Fault Delivery, Notification, Reporting, and Repair | Performance and Fault Management: A Practical Guide to Effectively Managing Cisco Network Devices (Cisco Press Core Series)

Now that faults have occurred, you need to do something with them. You uncovered a problem with the network. Of course, not all problems are as important as others are. The next few sections will discuss the following:

Methods of fault delivery
Notifying key personnel of critical faults
Reporting faults
Effecting fault repair

Methods of Fault Delivery

The first step to processing faults is delivering them to the correct recipients. Faults need to be delivered to a repository so that they can be processed easily and in a manner that reflects their priority. The lowest-priority faults should be logged to a file for processing when time allows.
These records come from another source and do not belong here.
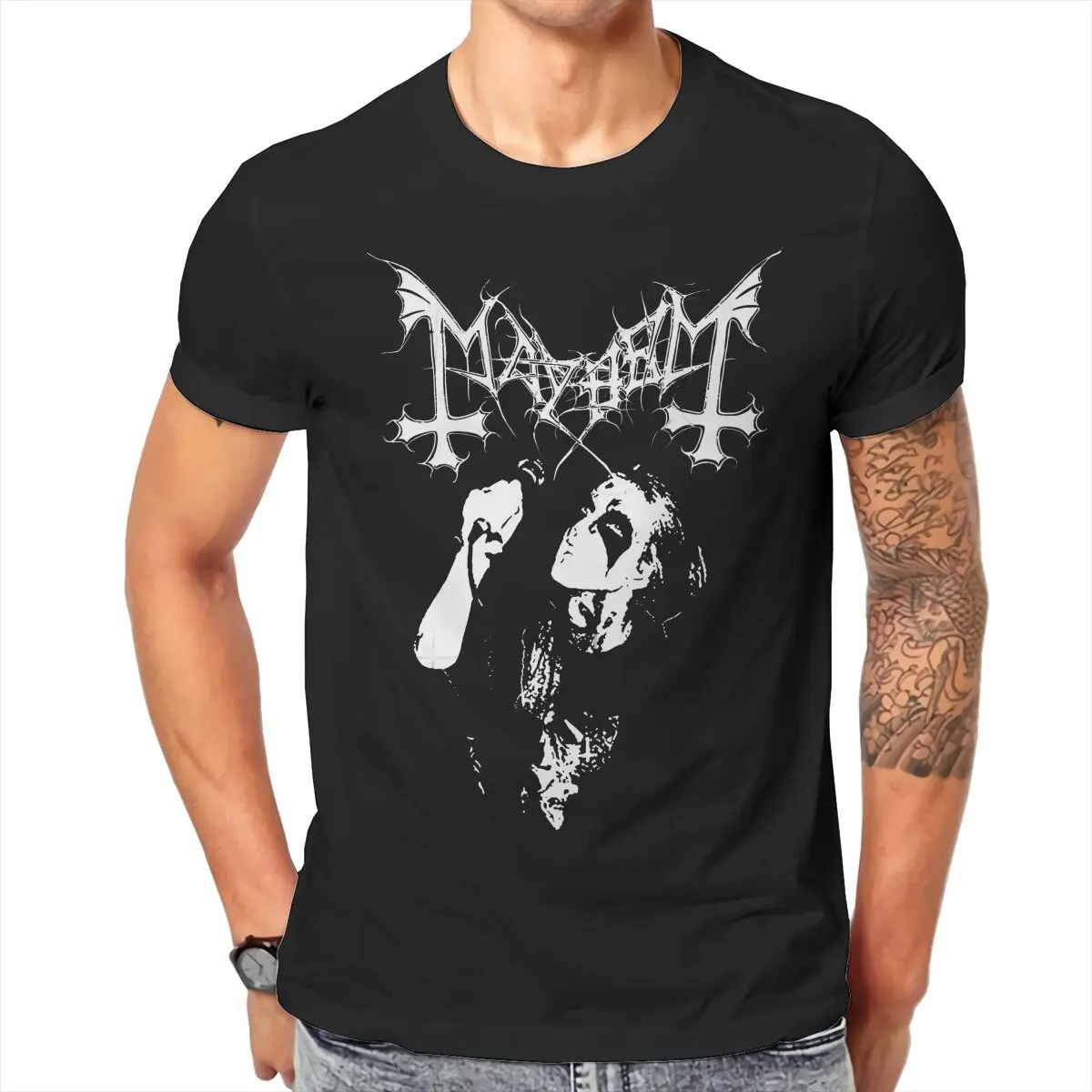 Fanart In Memory Of Per Yngve Ohlin Round Collar TShirt Mayhem Dead Pure Cotton Classic T Shirt Man's Clothes Individuality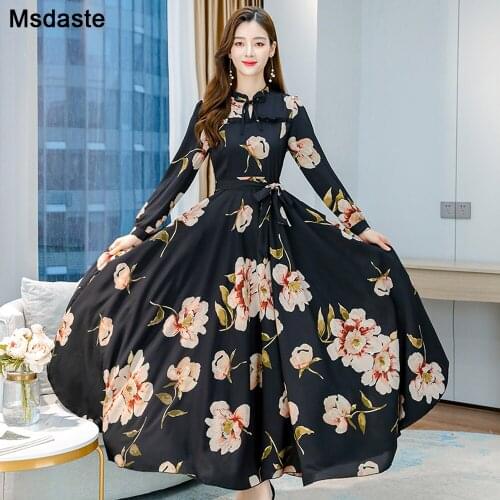 New Elegant Women Dresses Autumn Floral Printed Ruffles Dress Runway Dresses Women High Quality A-line Long Party Beach Dress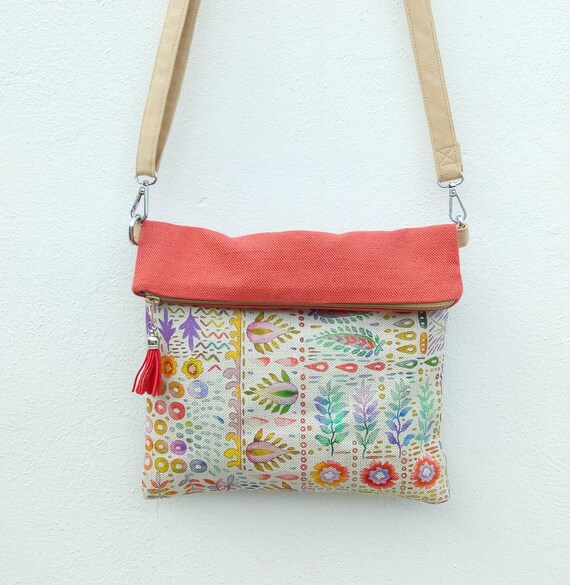 floral canvas crossbody bag
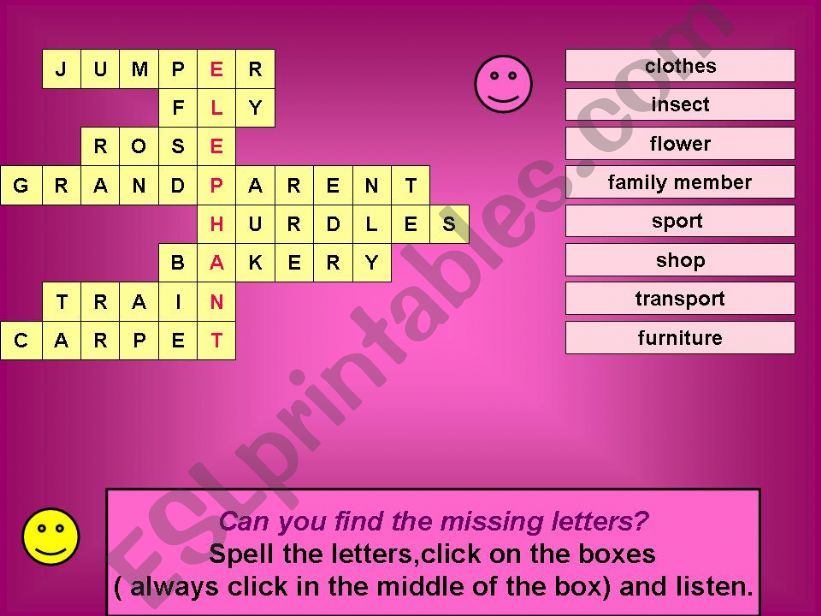 Animated  CROSSWORDS and  RIDDLES with  SOUNDS of all the letters 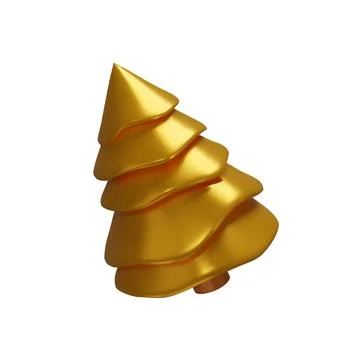 3d render metallic Christmas tree Stock Illustration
Higher priority faults should be delivered to a system for tracking faults.

Logging Faults

The only faults that should be logged are low-priority faults. Issues such as performance faults representing utilization thresholds exceeded on links on your network should be logged and processed for planning increased capacity in those areas of your network.

Low-priority faults do not include those that represent either a loss of connectivity on your network or a reduction of redundancy in the network so another fault could cause a loss of connectivity.

Delivering Faults to a Tracking Application

Faults that require attention should be delivered to a tracking application to assure that these faults receive the attention they deserve.

Two possibilities for tracking faults are a fault console a lightweight mechanism for tracking and distributing faults and a trouble-ticketing system. Trouble-ticketing may be overkill for smaller networks, but for larger ones it may be very appropriate. Both of these options are discussed in the following two sections.

Fault Consoles

Faults on a fault console should be sorted and viewable by priority and the time the fault occurred so network engineers can determine easily where to start on all of the issues being tracked. It should be possible to view all faults of a particular type so that an engineer working on capacity issues, for example, can easily view the relevant faults. If the network is large and complex and there are many network operators and engineers, a checkout procedure is desirable so it is clear which faults are being worked on by and by whom.

Trouble-Ticketing Systems

For a trouble-ticketing system to work as a tracking system for your network faults, it must do all that a fault console does and more. For example, your trouble-ticketing system should have the capability to add detailed notes on the status of the processing of the events and the resolution of the event. Trouble-ticketing systems will often be able to track the time to repair a fault. Also, they may be able to track how a fault was resolved. If this includes the replacement of equipment, it may be able to communicate this information to your inventory system so your inventory stays current.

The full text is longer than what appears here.